Keeping close to the nearest of these, Blake, with an effort to appear nonchalant, followed them out of the Suk al Attarin, and turned right on the Sukten Nahhasi. He kept a wary eye on the two villainous looking cutthroats who were following him. It was during one of his quick glances backward that the group he had taken to be harmless shopkeepers suddenly jumped on him. A cloak was thrown over his head, and he was borne to the ground by the sheer weight of numbers.

Blake instantly lashed out from the ground with fists and feet, flinging them in all directions, then tore the stifling folds of the cloak from his head and leaped erect. They were on him again in an instant, like a pack of wolves around a stag, and he saw that the monocular and the scar-faced ruffian who had been following him, had joined them–were apparently the ringleaders. He clipped the former on the jaw, sending him reeling against a wall, then punched the latter in the belly, doubling him up in agony.

Yet the odds would have been far too heavy had it not been for the sudden appearance of the newcomer. He was slender, of medium height, and wore a closely-cropped, jet black beard. Save for his green turban, his clothing was European. He sprang into the fray, laying about him on the heads and shoulders of the rabble with a thick Malacca cane, and shouting in Arabic: “Dogs and sons of dogs! Scum of the suks! I’ll teach you to attack a friendly stranger!”

At this, Blake’s assailants quickly took to their heels, bearing with them the still unconscious monocular, and helping his groaning, scar-faced companion.

The newcomer helped Blake to brush his clothing and put it in order.

“Yukliff–” began Blake gratefully, when the other interrupted.

“Don’t thank me. It was the least I could do after this unwarranted attack by my countrymen. I am devastated. I am ashamed that such a thing could occur on the public streets. And not one of my police officers in sight.”

“Your police officers?” wondered Blake.

“Permit me to introduce myself, effendi. I am Hagg Nadeem.”
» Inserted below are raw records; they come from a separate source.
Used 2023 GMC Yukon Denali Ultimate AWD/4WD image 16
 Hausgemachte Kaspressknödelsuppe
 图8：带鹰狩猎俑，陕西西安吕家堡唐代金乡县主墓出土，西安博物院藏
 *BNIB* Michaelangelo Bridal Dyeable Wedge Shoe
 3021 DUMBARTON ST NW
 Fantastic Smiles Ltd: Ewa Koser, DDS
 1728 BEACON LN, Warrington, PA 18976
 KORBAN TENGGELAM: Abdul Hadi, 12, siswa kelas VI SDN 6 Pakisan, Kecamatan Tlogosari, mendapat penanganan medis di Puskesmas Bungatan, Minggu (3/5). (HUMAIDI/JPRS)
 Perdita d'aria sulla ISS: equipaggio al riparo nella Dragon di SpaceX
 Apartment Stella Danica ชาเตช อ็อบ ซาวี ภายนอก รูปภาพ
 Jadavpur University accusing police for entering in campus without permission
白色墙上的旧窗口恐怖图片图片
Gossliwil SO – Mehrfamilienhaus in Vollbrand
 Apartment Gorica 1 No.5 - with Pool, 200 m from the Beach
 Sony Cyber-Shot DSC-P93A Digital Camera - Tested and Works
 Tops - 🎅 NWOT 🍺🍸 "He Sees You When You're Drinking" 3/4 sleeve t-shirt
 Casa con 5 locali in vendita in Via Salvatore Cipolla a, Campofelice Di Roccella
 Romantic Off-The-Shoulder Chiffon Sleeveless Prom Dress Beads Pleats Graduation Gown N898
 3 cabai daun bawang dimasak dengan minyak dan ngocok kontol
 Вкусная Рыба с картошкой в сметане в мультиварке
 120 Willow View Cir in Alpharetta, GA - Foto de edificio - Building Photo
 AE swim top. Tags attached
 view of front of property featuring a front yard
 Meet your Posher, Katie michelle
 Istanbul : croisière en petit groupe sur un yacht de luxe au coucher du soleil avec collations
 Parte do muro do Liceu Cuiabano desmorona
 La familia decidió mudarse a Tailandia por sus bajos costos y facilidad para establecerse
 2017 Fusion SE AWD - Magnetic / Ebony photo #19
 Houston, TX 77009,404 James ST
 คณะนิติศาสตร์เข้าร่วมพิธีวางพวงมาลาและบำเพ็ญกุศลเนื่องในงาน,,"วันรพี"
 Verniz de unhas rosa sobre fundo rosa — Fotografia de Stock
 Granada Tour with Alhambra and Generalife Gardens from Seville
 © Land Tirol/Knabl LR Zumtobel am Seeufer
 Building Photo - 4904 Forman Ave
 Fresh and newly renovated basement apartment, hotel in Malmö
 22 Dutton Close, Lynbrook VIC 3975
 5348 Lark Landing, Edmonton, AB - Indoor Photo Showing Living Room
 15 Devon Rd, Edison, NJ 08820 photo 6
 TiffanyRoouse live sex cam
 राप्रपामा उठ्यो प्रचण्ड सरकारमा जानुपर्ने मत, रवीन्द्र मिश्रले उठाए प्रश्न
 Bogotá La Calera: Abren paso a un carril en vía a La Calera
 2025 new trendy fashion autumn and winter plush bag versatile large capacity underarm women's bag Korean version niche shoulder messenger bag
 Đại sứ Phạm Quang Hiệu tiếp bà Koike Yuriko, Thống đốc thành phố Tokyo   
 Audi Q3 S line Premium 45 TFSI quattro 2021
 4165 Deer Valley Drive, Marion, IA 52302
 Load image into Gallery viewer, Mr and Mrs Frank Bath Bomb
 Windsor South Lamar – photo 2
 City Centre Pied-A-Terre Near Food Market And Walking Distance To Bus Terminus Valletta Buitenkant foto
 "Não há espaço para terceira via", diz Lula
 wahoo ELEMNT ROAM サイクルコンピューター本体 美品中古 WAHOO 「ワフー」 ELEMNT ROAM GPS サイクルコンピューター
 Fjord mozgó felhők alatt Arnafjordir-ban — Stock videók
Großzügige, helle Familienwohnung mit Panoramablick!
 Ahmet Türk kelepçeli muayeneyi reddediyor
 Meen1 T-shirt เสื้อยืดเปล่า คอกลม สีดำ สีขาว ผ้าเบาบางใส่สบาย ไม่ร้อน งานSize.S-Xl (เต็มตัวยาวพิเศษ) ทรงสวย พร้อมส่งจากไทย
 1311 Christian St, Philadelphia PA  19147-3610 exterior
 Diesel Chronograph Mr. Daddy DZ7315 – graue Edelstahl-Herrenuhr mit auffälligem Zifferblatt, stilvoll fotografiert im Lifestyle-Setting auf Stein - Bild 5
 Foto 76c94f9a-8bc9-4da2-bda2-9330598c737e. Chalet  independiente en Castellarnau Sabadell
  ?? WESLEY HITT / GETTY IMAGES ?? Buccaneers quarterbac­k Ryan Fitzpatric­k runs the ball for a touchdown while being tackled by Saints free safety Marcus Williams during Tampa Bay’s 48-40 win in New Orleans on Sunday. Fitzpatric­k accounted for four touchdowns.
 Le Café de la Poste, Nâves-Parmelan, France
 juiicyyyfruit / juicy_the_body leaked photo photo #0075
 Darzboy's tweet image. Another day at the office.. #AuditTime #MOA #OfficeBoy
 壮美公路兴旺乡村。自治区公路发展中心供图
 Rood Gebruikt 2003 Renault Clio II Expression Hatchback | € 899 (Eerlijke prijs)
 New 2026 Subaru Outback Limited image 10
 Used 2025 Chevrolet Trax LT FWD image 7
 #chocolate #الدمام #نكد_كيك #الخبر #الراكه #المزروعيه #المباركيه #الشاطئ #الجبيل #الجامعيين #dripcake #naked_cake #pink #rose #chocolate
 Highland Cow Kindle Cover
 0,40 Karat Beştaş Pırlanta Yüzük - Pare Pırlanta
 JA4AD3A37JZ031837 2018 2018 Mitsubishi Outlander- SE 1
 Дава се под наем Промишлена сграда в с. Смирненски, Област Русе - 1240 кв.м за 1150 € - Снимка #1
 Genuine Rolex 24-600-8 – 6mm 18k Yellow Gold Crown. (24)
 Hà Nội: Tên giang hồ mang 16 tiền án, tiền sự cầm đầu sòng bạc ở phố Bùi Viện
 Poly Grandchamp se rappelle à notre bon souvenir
Hagg Nadeem! The name was legendary. Blake had often heard tales of the mysterious head of Cairo’s secret police, reputed not only to be an ulema, a Moslem holy man learned in ed din, the faith of Al Islam, and a hagg who had made the holy pilgrimage, but an Oxford graduate, well versed in the arts and sciences of the occident, and a descendent of an ancient line of Egyptian magicians who had communicated their esoteric knowledge from father to son since before the days of Mena, the first pharaoh.

He had regarded many of the tales of this man’s exploits as pure fabrication–utterly preposterous–and the man himself as a myth. Now he stood before him in the flesh, suave and smiling.